→ **What is being asked**
Below are some records. Write out exactly their lines from the one with "Amisco Tereza Swivel" through the one with "Bigjigs Rail Lifting", and leave the pictures behind.

→ **Raw data**
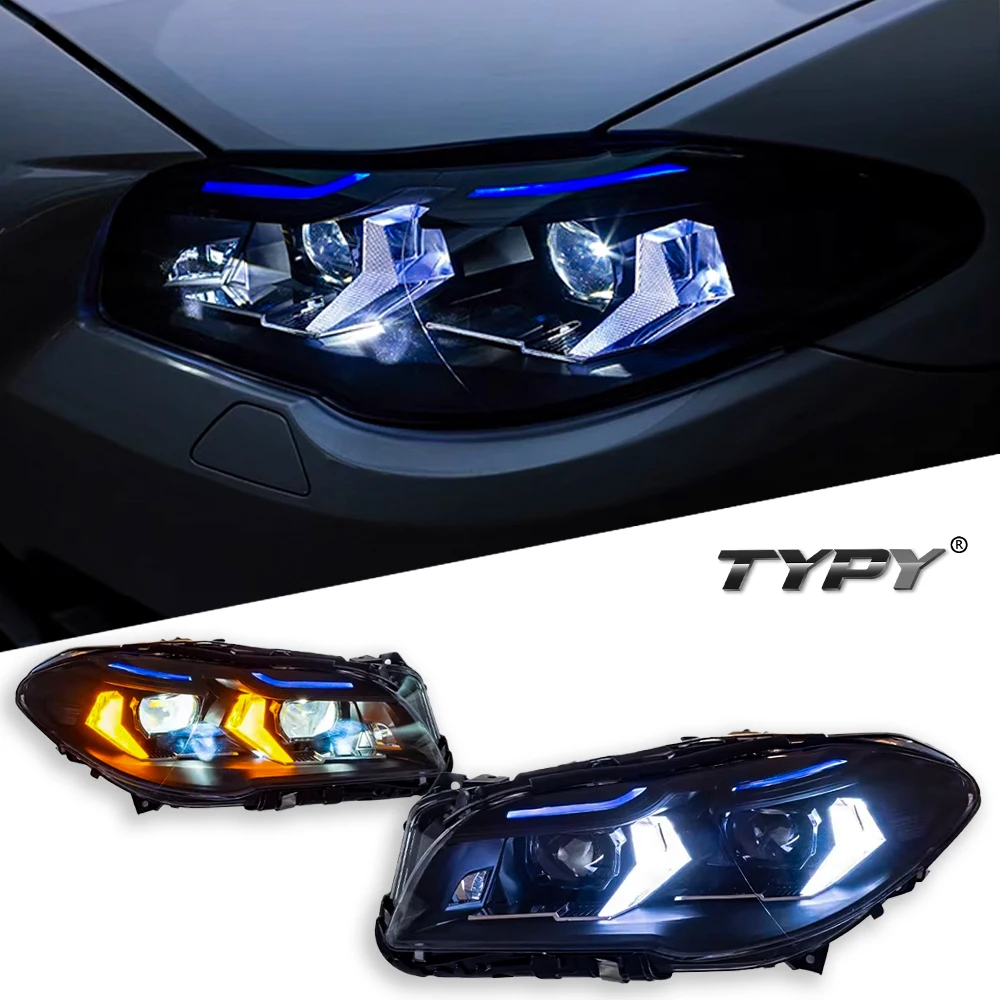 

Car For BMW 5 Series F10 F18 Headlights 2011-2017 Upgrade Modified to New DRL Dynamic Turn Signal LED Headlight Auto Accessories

==

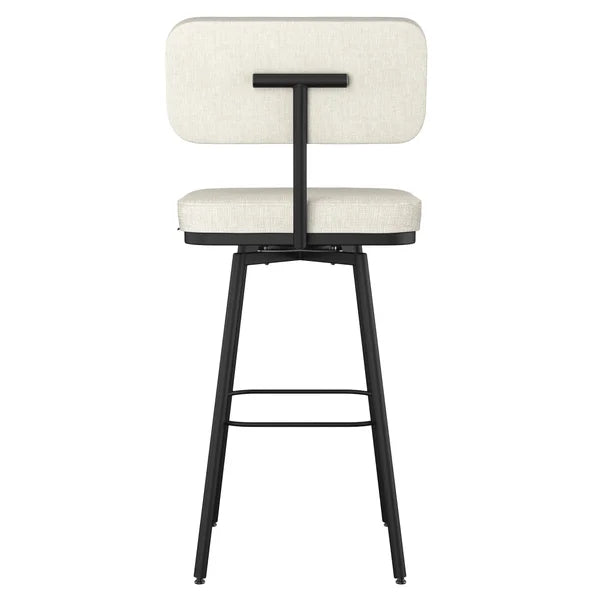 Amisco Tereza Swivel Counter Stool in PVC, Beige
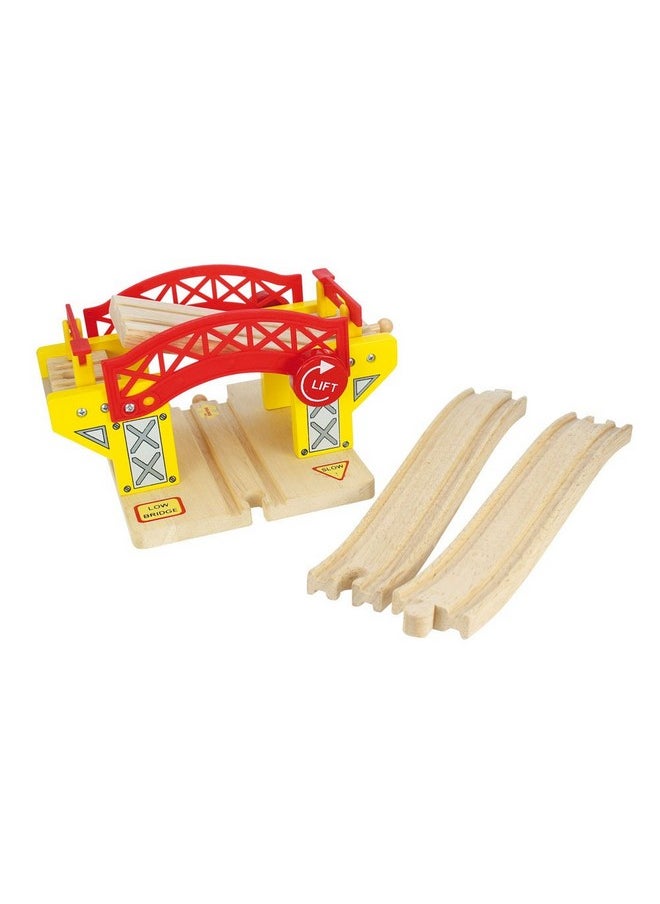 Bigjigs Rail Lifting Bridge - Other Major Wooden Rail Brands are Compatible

→ **Answer to the problem**
 Amisco Tereza Swivel Counter Stool in PVC, Beige
 Bigjigs Rail Lifting Bridge - Other Major Wooden Rail Brands are Compatible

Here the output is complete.